WHAT THIS TASK INVOLVES: The records that follow are to be copied word for word. Pictures should be omitted.

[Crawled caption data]
-- Opening Marker --

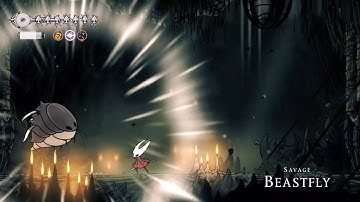 Savage Beastfly, casual no damage, late game annihilation by Fake Genius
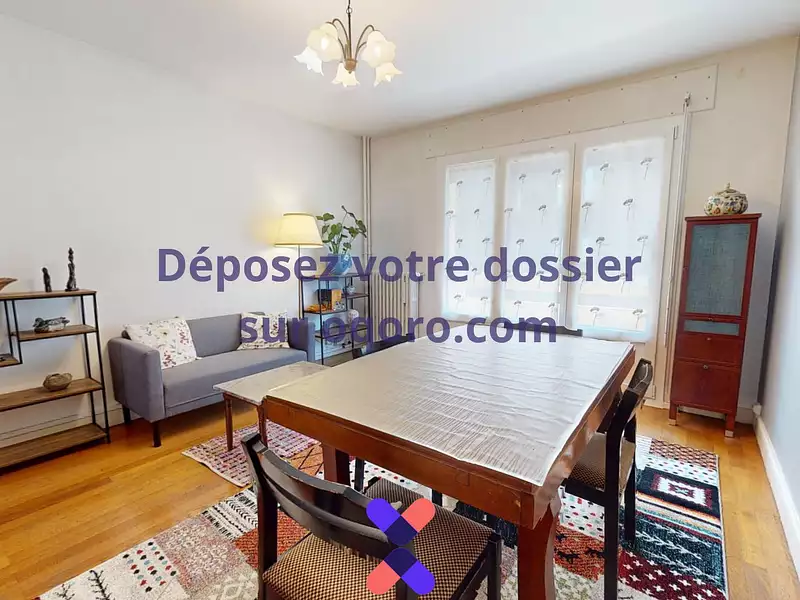 Appartement, 68 m²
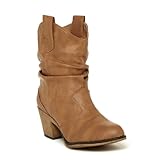 Charles Albert Modern Western Cowboy Boots for Women...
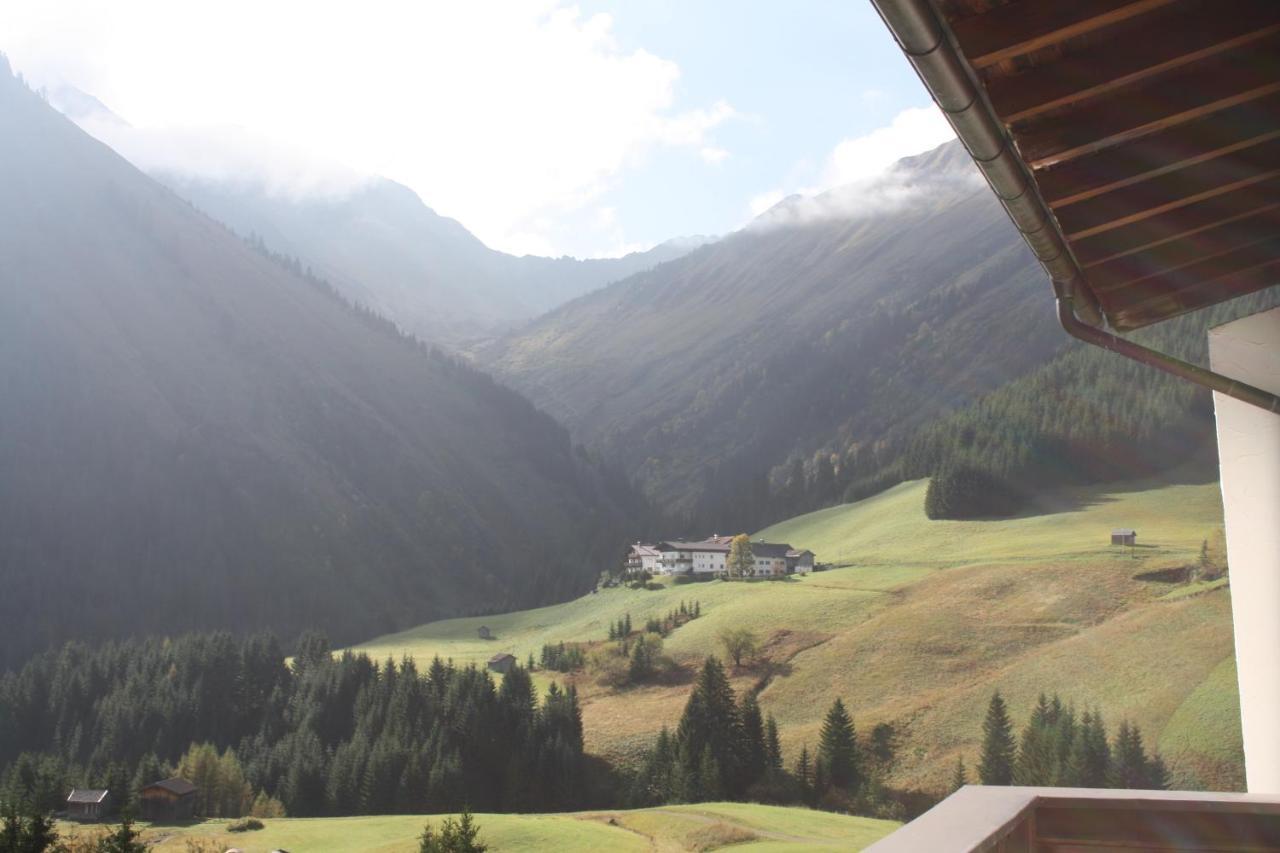 Wiesenhof Berwang Extérieur photo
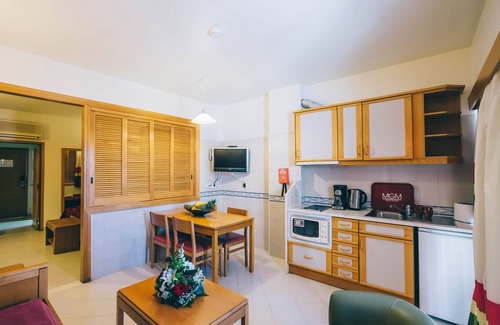 Oura Apartamento | Grand Muthu Forte da Oura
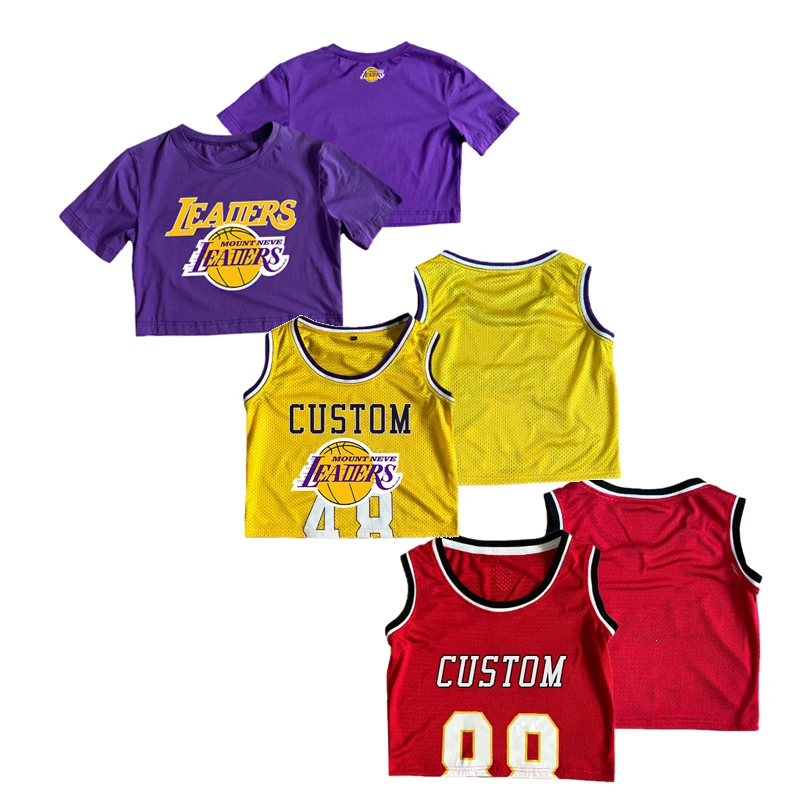 Buy Custom Men Women Kids Basketball Jerseys - Single Sided Sportwear -  Personalized Street Style Jersey Online at desertcartINDIA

-- Closing Marker --

RESULT:
 Savage Beastfly, casual no damage, late game annihilation by Fake Genius
 Appartement, 68 m²
 Charles Albert Modern Western Cowboy Boots for Women...
 Wiesenhof Berwang Extérieur photo
 Oura Apartamento | Grand Muthu Forte da Oura
 Buy Custom Men Women Kids Basketball Jerseys - Single Sided Sportwear -  Personalized Street Style Jersey Online at desertcartINDIA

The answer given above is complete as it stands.